The truth is that the earliest book of scripture completely refutes the assumption of such contemporary interests as blind to the future of God, and illustrates what the last book of scripture proves as matter of fact, that prophecy exhibits the greatest variety of form according to God's wisdom. The first intimation (Gen_3:15) is worthy alike of Him Who spoke, and of Him Who was spoken of, as it disclosed the end from the beginning, the judgement of the subtle foe, the suffering grace and overwhelming power of Him Who would deign to be the woman's Seed. It was sovereign grace, Satan's irremediable overthrow and punishment; while it was conveyed in terms adapted to an earthly people, and in view of divine government with present results, like the law as a whole. On the other hand, Noah (Gen_6:7; Gen_6:13) is divinely warned of things not seen as yet, both on the ground of special relationship and on that of His nature; while Gen_7:4 follows up the general intimation with precise details, and as it was predicted, so was it punctually fulfilled, as scripture expressly affirms. No history could be more precise or circumstantial in few words. Gen_9:25-27 is a luminous prophetic sketch of the world, with both divine names, and each in its requisite place as ever: no sketch more opposed to appearances for centuries; none more verified as time rolled on; yet to be proved absolutely true in the day of Jehovah, as later prophets declared to the ear of faith. This, however, may be said to be only a vast outline.

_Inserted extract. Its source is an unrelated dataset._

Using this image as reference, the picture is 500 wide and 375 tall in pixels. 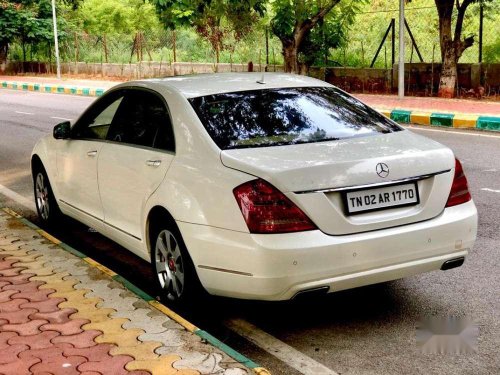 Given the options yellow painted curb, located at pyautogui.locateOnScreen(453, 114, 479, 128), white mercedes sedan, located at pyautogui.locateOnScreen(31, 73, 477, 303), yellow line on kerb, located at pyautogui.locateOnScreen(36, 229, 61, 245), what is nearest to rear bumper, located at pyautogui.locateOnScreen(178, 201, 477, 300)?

But to take only one instance more, what of Gen. 15 when "the word of Jehovah came unto Abram in a vision"? Can any prediction be conceived plainer or surer? Yet it stretched over more than four centuries, and defined the relative position of the chosen race and of the nation they were to serve in affliction, but at length to triumph over by a judgement unequivocally divine. Nay more, it maps out the limits of another land - the land wherein the father of the faithful was a pilgrim, which was by Jehovah's covenant to be given long after, when the usurpers of the inheritance (enumerated in full detail) should be judged, as the old oppressor of the heirs had been. Who can say that these predictions have been answered only in Christ's person? Who can deny that they are particular facts, yet accomplished to the letter in the Egyptians, in the Amorites, in the Jewish people, and in their land?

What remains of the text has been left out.